En son geçen yıl 5. gözden geçirme tamamlanırken, bu yıl içinde 6., 7. ve 8. gözden geçirmeler gerçekleştirilecek.
TÜRKİYE BORÇ YÜKÜNDE AB ORTALAMASINDAN DAHA İYİ...-
Toplam borç yükünü AB ortalamasının altına indirdiklerini belirten Babacan, AB'de toplam borçların gayri safi milli hasılaya (GSMH) oranı itibarıyla ortalama oranının yüzde 63-64 düzeyinde olduğunu vurgulayan Babacan, muhtemelen bu oranının Türkiye'de yüzde 60'ın altında çıkacağını ifade etti.
Babacan, net borç ödeyicisi durumunda oldukları, IMF'ye olan borçları da 8,5 milyar dolar düzeyine indirdiklerini bildirdi.
Türkiye'nin dünyada güven duyulan bir ülke olması nedeniyle çok önemli düzeyde
yabancı sermaye çektiğini kaydeden Babacan, yabancı yatırımcıların,
hisse senedi ve bono piyasasında 66 milyar dolarlık YTL cinsinden yatırımlarının olduğunu da kaydetti.
YARIN MECLİSTE AB KONUSU GÖRÜŞÜLECEK..-
Devlet Bakanı Ali Babacan, yarın TBMM'de AB ile ilgili konuların görüşüleceğini söyledi.
Babacan, şöyle dedi:''
AB Komisyonu her yıl çalışma takvimini açıkladıktan sonra ülkelerin parlamentolarında tartışılmasını öngörüyor.

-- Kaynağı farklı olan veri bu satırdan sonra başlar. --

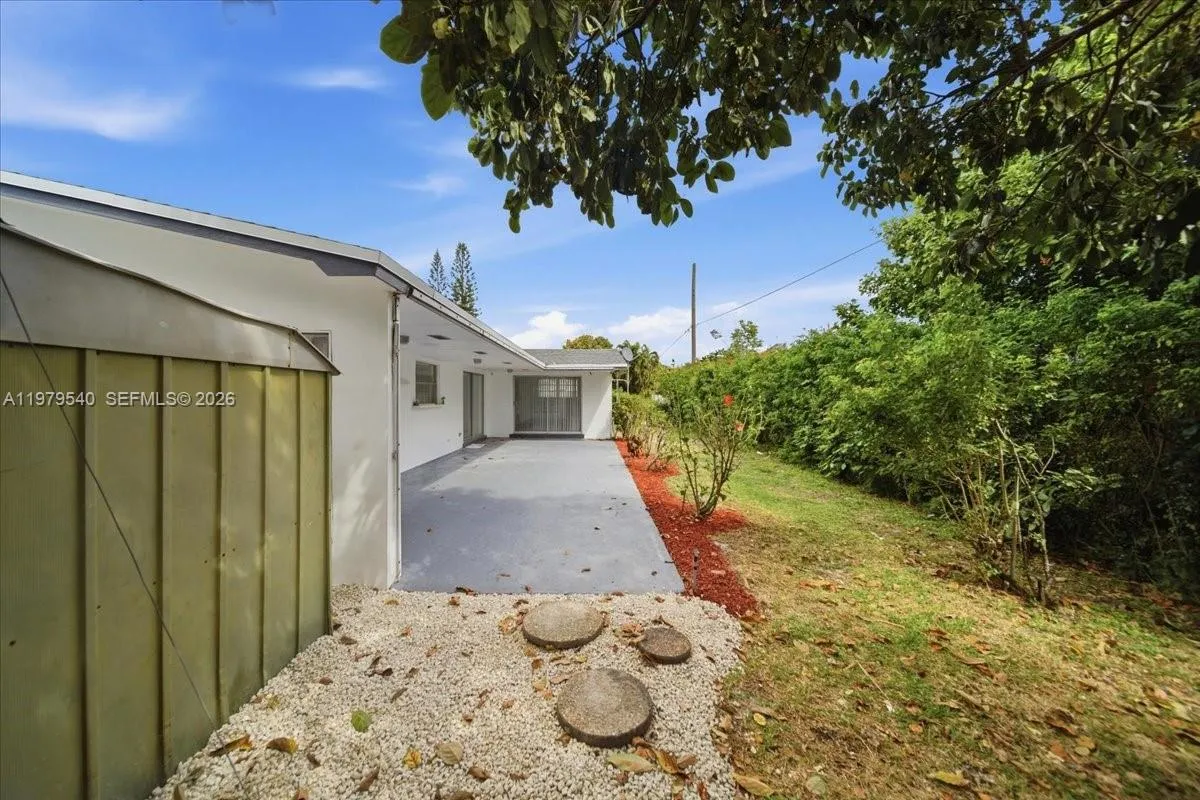 7150 Sw 5th Ct, Pembroke Pines, Florida 33023, Pembroke Pines, Florida 33023, 4 Bedrooms Bedrooms, ,3 BathroomsBathrooms,Residential,For Sale,7150 Sw 5th Ct, Pembroke Pines, Florida 33023,A11979540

AB Komisyonu, gündemlerinin TBMM'de tartışılmasının ardından yazılacak bir raporun kendilerine gönderilmesini istiyor. Çünkü bizim milletvekillerinin AB hakkında ne düşündüklerini bilmek istiyorlar. Biz de yarın TBMM'de bu konuları görüşeceğiz, tabii burada AB ile ilgili son gelişmeler ve ikili ilişkiler de ele alınır.''
AB İLE İLİŞKİLER...
Brüksel'de son gerçekleştirdiği resmi ziyaret çerçevesinde 7 AB Komisyon üyesi ile görüştüğünü belirten Babacan, bu görüşmelerinde, Türkiye'nin 2007-2013 yılları arasındaki AB sürecine ilişkin
yol haritasını belirlemeye karar verdiği 10 Ocak 2007 kararlarının, AB Komisyonu üzerinde çok etkili olduğunu gördüklerini söyledi.
Ali Babacan, bu yol haritası kararıyla, Türkiye'nin AB sürecindeki kararlığını da gördüklerini ve Komisyonun bu 10 Ocak kararlarını destekleyeceklerini vurguladı.
Babacan, Brüksel'de en son gerçekleştirdiği ziyarette enerji faslı için bile bir açış kriteri istenmeyebileceği bilgisini aldığını ve enerji faslının, açış kriteri olmayan diğer 4 fasıla ilave olarak 5. fasıl olarak Türkiye'nin önüne gelebileceğini ifade etti.